回到上面JobGenerator中的processEvent 
1. clearCheckpoint:清除缓存数据。

/** Clear DStream checkpoint data for the given `time`. */

private def clearCheckpointData(time: Time) {

  ssc.graph.clearCheckpointData(time)

 

  // All the checkpoint information about which batches have been processed, etc have

  // been saved to checkpoints, so its safe to delete block metadata and data WAL files

  val maxRememberDuration = graph.getMaxInputStreamRememberDuration()

  jobScheduler.receiverTracker.cleanupOldBlocksAndBatches(time - maxRememberDuration)

  jobScheduler.inputInfoTracker.cleanup(time - maxRememberDuration)

  markBatchFullyProcessed(time)

}

2.  clearCheckpointData:

def clearCheckpointData(time: Time) {

  logInfo("Clearing checkpoint data for time " + time)

  this.synchronized {

    outputStreams.foreach(_.clearCheckpointData(time))

  }

  logInfo("Cleared checkpoint data for time " + time)

}

3.  ClearCheckpointData: 和清除元数据信息一样,还是清除DStream依赖的缓存数据。

private[streaming] def clearCheckpointData(time: Time) {

  logDebug("Clearing checkpoint data")

  checkpointData.cleanup(time)

  dependencies.foreach(_.clearCheckpointData(time))
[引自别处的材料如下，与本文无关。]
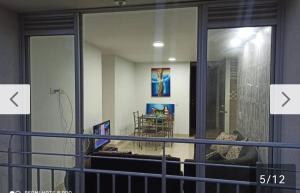 einen Balkon mit Blick auf ein Wohnzimmer in der Unterkunft Hermoso apartamento con excelente ubicación in Ibagué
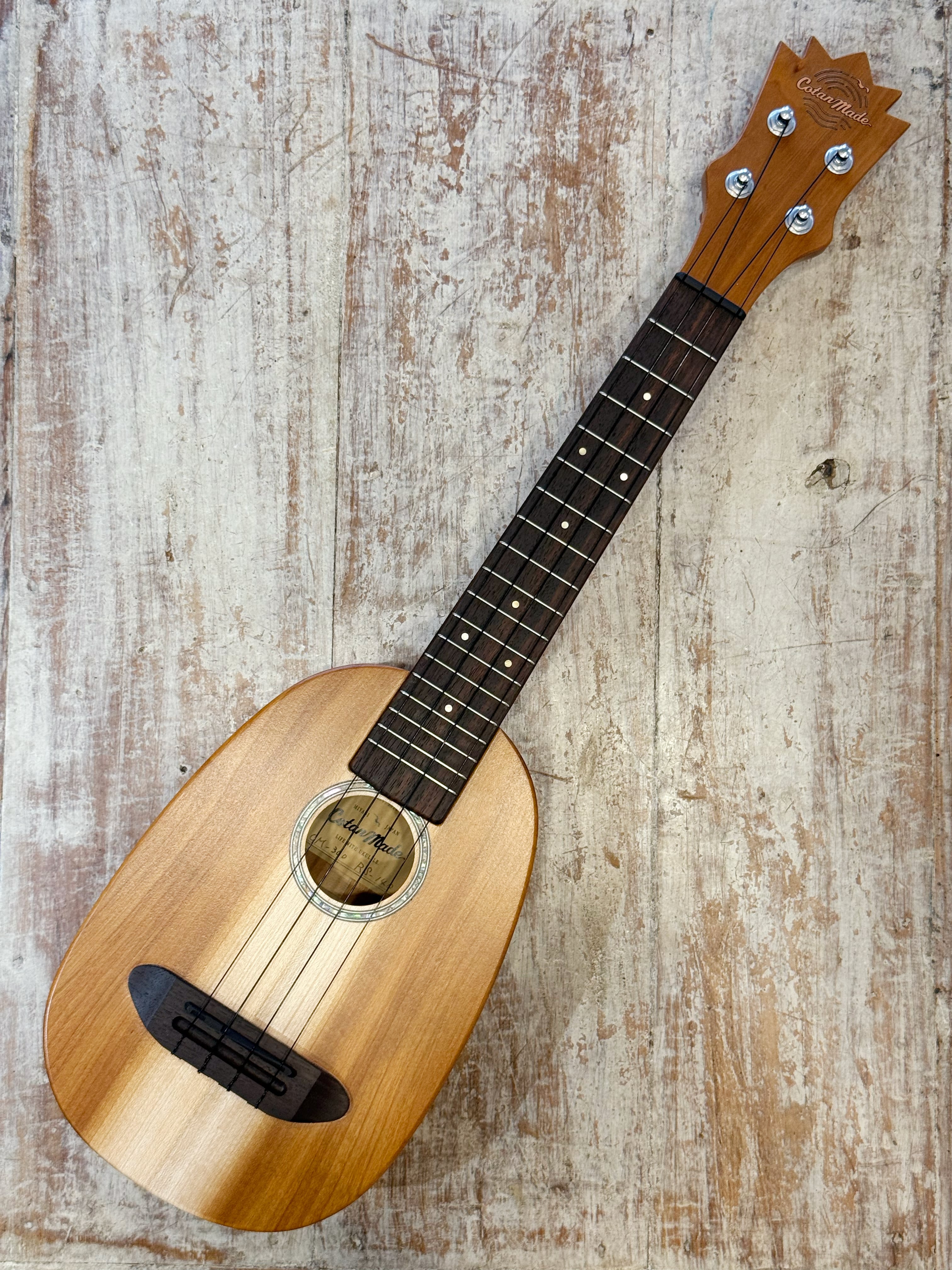 ソプラノパイナップル | ファインウクレレ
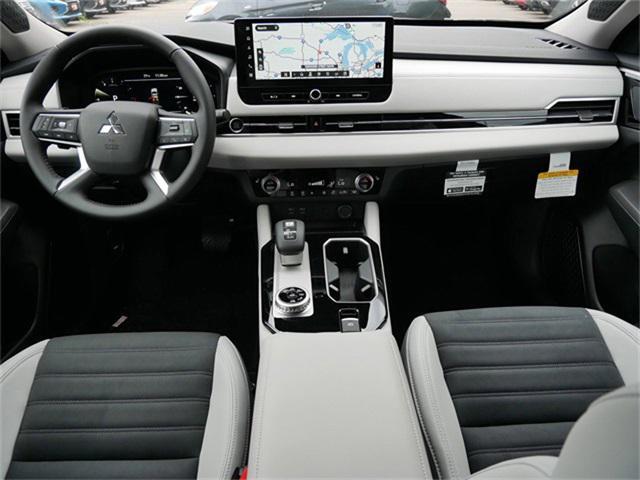 new 2025 Mitsubishi Outlander car, priced at $39,144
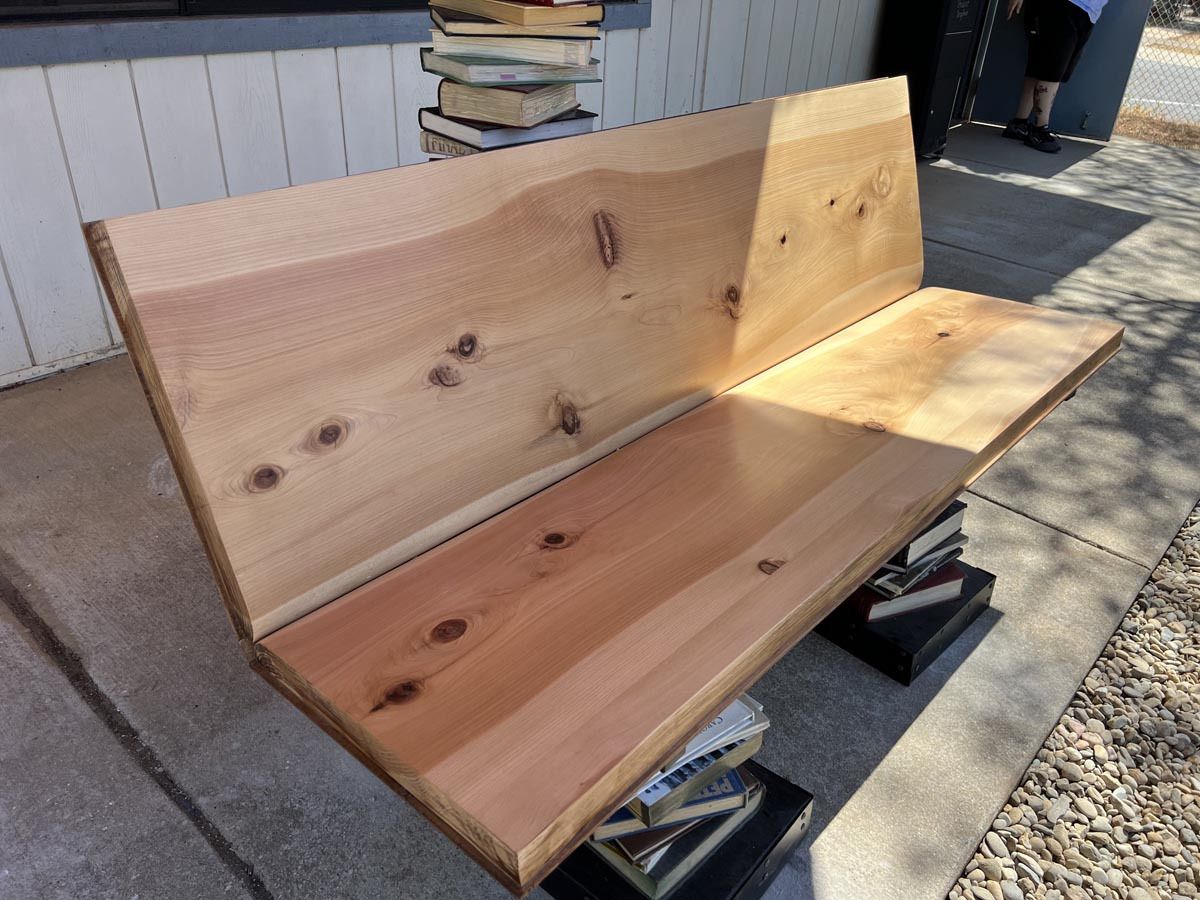 01 book benchx900 01 book benchx900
  logDebug("Cleared checkpoint data")

}

4.  DStreamCheckpointData:清除缓存的数据

/**

 * Cleanup old checkpoint data. This gets called after a checkpoint of `time` has been

 * written to the checkpoint directory.

 */

def cleanup(time: Time) {

  // Get the time of the oldest checkpointed RDD that was written as part of the

  // checkpoint of `time`

  timeToOldestCheckpointFileTime.remove(time) match {

    case Some(lastCheckpointFileTime) =>

      // Find all the checkpointed RDDs (i.e. files) that are older than `lastCheckpointFileTime`

      // This is because checkpointed RDDs older than this are not going to be needed

      // even after master fails, as the checkpoint data of `time` does not refer to those files

      val filesToDelete = timeToCheckpointFile.filter(_._1 < lastCheckpointFileTime)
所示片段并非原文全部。